Just as I was wrapping up my salad, I heard a strange ringing.  It did not sound like any apple phone ringer I had ever heard.   I raced to the phone, and I saw a phone number and a message, “I’m in front of your building, please bring me my phone.”   I tried to pick up the call to tell them I would be right down, but the call could not be answered.    I took my phone and dialed the number, but it would not go through.  It felt like a ghost number.   I raced to put on my shoes and hoped I could get down the stairs and out in time before the person would leave.   

When I ran out the building I saw two young men on the opposite corner, I waved my hands, “Hey, I am over here!  I have your phone!”  

The guys walked across the street.   I’m not sure who they expected to greet them, but I think I saw relief on their faces that it was a middle-aged woman.   “Whose phone is this?  I asked.   “It’s mine”. The young man seemed shy.   He said in a soft voice, “Thank you.”  I introduced myself and asked their names.   

Malik had lost the phone and Tomas was his friend.   Malik said, “You have no idea how grateful I am you found it.” I said, “Oh, yes I know. Very well.   I found your phone because I was looking for my lost phone.”   They looked shocked.   “What do you mean?” asked Malik.  I told them the whole megillah and how it was found in a tree.  Malik responded, “I’m so glad you lost your phone.”   I said, “Me, too.   I would not have found your phone without losing my phone.”  

I learned they were both seniors at USC and Malik was going to go to law school and Tomas was going into cyber security ops.   It was Tomas who used an APP to call the lost phone without exposing his own number.  Very smart.   When I asked Malik why his phone was on airplane mode, he said, “Honestly I don’t know.” I said, “Ah, that’s why you have cyber ops Tomas as a friend.” Tomas responded, “We were on our way to buy a new phone.”   I said, “Who has $800 to buy a phone these days? God knows I didn’t want to spend money on one.”   They both nodded, I continued, “Although your phone does have damage.”  The three of us huddled around the phone, we looked like a MASH team around a wounded soldier.  

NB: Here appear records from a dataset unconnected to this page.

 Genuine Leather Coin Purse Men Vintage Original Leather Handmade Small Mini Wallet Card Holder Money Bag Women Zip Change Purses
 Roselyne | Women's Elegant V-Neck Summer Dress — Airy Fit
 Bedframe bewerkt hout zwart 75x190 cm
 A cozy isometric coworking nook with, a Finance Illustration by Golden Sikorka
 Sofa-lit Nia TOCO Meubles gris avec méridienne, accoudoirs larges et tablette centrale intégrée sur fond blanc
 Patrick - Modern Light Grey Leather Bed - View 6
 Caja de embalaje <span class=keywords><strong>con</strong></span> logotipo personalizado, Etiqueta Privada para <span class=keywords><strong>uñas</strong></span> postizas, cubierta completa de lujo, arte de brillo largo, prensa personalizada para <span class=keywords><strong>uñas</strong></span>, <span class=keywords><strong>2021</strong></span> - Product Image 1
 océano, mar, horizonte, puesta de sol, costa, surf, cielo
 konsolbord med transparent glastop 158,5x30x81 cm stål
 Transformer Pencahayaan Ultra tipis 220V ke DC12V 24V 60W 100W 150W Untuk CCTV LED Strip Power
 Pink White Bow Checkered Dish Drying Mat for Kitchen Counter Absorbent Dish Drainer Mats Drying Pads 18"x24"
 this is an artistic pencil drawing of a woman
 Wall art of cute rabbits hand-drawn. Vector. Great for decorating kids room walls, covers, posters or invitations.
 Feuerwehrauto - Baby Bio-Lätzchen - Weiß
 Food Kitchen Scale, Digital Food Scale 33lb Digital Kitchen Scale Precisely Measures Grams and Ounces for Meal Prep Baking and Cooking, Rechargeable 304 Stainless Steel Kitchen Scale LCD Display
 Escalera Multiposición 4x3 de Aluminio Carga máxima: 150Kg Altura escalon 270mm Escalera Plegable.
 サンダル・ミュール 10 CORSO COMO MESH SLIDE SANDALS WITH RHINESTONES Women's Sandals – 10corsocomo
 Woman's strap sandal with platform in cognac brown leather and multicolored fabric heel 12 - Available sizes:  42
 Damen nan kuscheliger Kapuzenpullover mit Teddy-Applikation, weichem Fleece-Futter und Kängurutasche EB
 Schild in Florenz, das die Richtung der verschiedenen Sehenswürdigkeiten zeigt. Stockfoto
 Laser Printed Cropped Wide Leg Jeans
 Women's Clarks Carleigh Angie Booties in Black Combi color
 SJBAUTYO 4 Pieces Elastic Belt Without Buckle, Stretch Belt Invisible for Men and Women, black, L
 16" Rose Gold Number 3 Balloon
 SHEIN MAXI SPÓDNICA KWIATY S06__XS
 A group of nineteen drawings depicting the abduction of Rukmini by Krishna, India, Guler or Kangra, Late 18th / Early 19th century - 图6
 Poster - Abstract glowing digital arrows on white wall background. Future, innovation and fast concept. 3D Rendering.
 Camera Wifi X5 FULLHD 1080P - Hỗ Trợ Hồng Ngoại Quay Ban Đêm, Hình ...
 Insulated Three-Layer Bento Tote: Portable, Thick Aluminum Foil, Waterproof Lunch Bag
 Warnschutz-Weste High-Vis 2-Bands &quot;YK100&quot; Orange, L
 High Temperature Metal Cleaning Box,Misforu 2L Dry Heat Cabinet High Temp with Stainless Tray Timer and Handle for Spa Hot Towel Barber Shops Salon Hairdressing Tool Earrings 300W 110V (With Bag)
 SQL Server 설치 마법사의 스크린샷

Tomas said, “Let me see it.’  The late summer sun sparkled on the cracked screen.   A dog being walked by a neighbor barked.  I wondered if anyone could guess why the three of us were together.   Did we look like family?  Sweat on my forehead reminded me that I never took a morning shower.  Maybe I looked like I was scoring a drug deal.  Do people even do that anymore?  I looked at their fresh faces, I was so glad I found the phone.   I thought of the randomness of circumstances that brings a Baby Boom Gen with Gen Z.  I thought how much I love when the Universe conspires in weird ways even if it means I am a bonehead.   Tomas looked up, “This will only cost a couple hundred bucks to fix.”   Malik and I both sighed.    I asked if it was okay if I took their photo.  It was such a weird story that I had to document it.   They said yes.  I took the photo, shook their hands, and said goodbye. 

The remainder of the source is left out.